In this article, let’s modify the LED_on exercise using bitwise shift operators. 

Let’s modify these below codes by using bitwise shift operators.

#include<stdint.h>

int main(void)
{
    uint32_t *pClkCtrlReg = (uint32_t*)0x40023830;
    uint32_t *pPortDModeReg = (uint32_t*)0x40020C00;
    uint32_t *pPortDOutReg = (uint32_t*)0x40020C14;

    //1. enable the clock for GPOID peripheral in the AHB1ENR
    *pClkCtrlReg |= 0x08;

    //2. configure the mode of the IO pin as output
    //a. clear the 24th and 25th bit positions (CLEAR)
    *pPortDModeReg &= 0xFCFFFFFF;
    //b. make 24th bit position as 1 (SET)
    *pPortDModeReg |= 0x01000000;

    //3.SET 12th bit of the output data register to make I/O pin-12 as HIGH
    *pPortDOutReg |= 0x1000;

    while(1);
}

Let’s check the first step.  Enabling the clock for the GPIOD peripheral in the AHB1ENR register. 

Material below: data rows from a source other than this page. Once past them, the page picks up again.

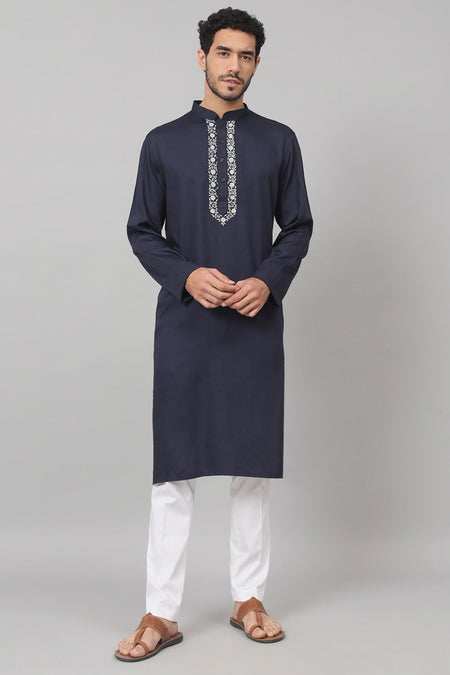 Neckline Embroidered Cotton Kurta by Hilo Design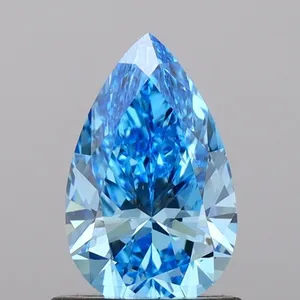 0.99ct PEAR Fancy Vivid Blue VS2 Coloured Lab diamond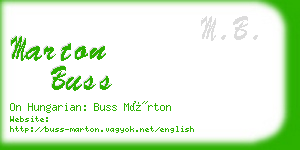 marton buss business card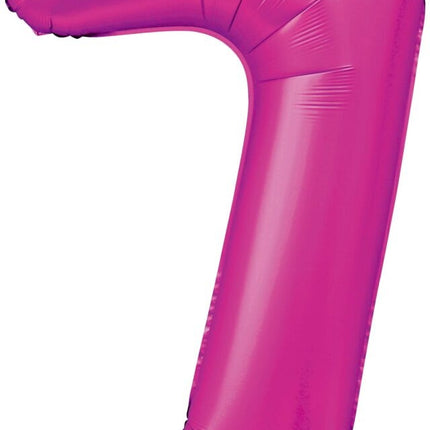 Palloncino Numero fucsia 7 anni lucido 86 cm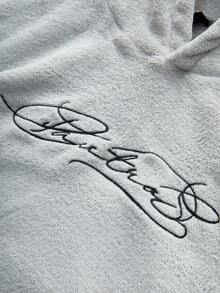 PAVTROS Sudadera con capucha gris claro de estilo callejero para hombre Manfinity Streetrush, con tela de franela, bordado 3D de texto en inglés, adecuada para festivales de música al aire libre, salidas casuales, regalo para novio/esposo, aniversario. Sudadera con capucha, manga larga, estilo callejero. - Gris Claro - Ver 2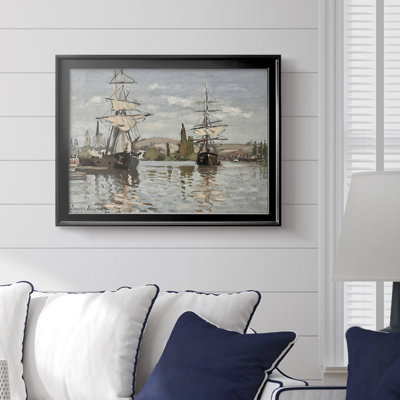 Ships at Rouen-Claude Monet-Framed Gallery Wrapped Canvas-1872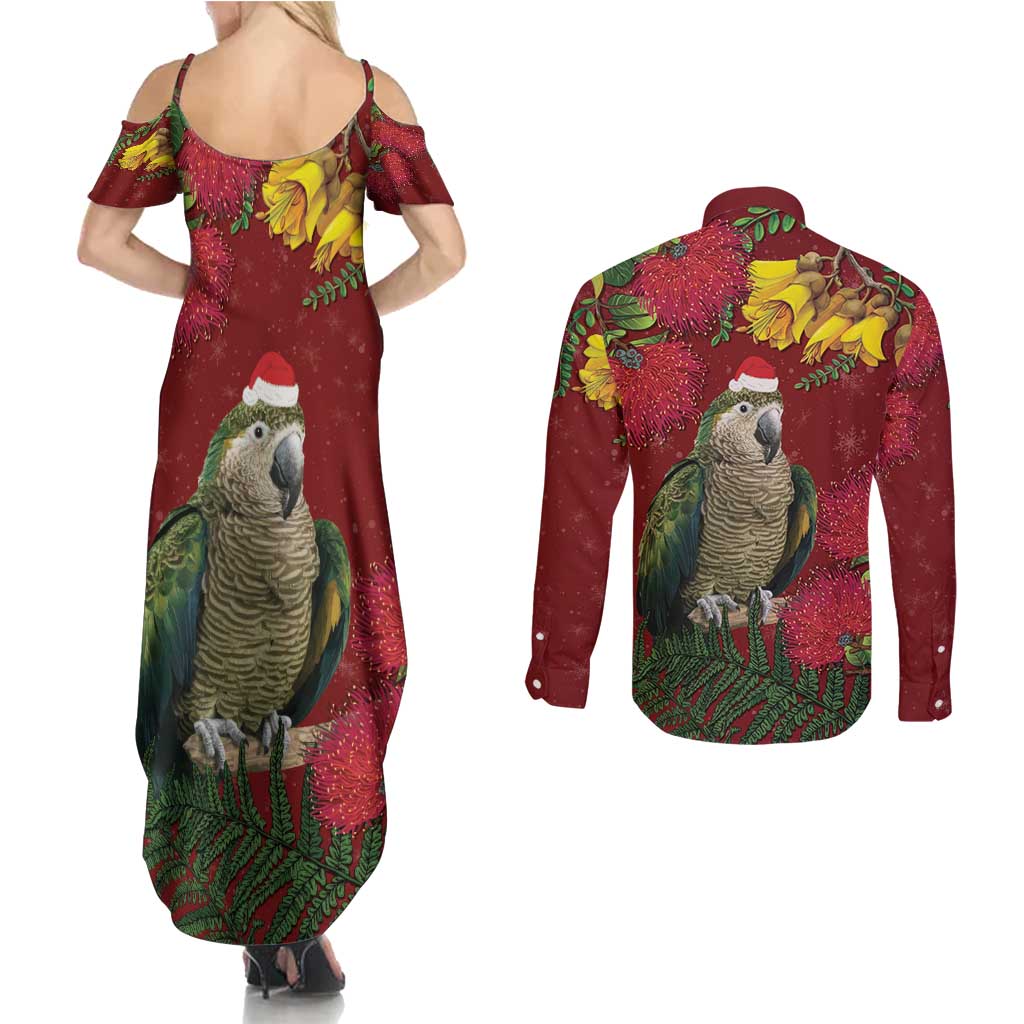 Kakapo Bird New Zealand Couples Matching Summer Maxi Dress and Long Sleeve Button Shirt Floral Christmas LT7 - Polynesian Pride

So, on the AHB1ENR we modify the 3rd-bit position.

Here in the first comment line, we can write like this ‘SET the 3rd bit position’.

And change the code like *pClkCtrlReg |= (1 << 3);  as shown below.

//1. enable the clock for GPOID peripheral in the AHB1ENR (SET the 3rd bit position)
*pClkCtrlReg |= ( 1 << 3);

SET the 3rd bit position

Then do the second step. Here, we have to clear the 24th and 25th-bit positions. 

So, we can do *pPortDModeReg &= ~(1 << 24); //You have to negate this(1<<24). 

Negating is very important. Otherwise, you will 0 out of all other bit positions. So, negation is very important during clearing. 

And for the 25th you can do *pPortDModeReg &= ~(1 <<25);

//2. configure the mode of the IO pin as output
//a. clear the 24th and 25th bit positions (CLEAR)
*pPortDModeReg &= ~( 1 << 24);
*pPortDModeReg &= ~( 1 << 25);

Clear the 24th and 25th bit positions

But instead of using 2 lines, you can do it in 1 line.

What you can do is, instead of using 1, here you can use 3. The binary value of three is 11. So, it’s like pushing 11 to the 24th and 25th-bit positions. 

//2. configure the mode of the IO pin as output
//a. clear the 24th and 25th bit positions (CLEAR)
*pPortDModeReg &= ~( 3 << 24);

In the mode register, you have to clear the 24th and 25th. So, what you do is, take the number 3 and left shift this by 24. When you do that, what happens? 3 will come and settle here(MODER12). 

What is 3?  3 means in binary it is 11 and then you are negating this, it will become 00 and all others become 11. That’s why you can use 3 here.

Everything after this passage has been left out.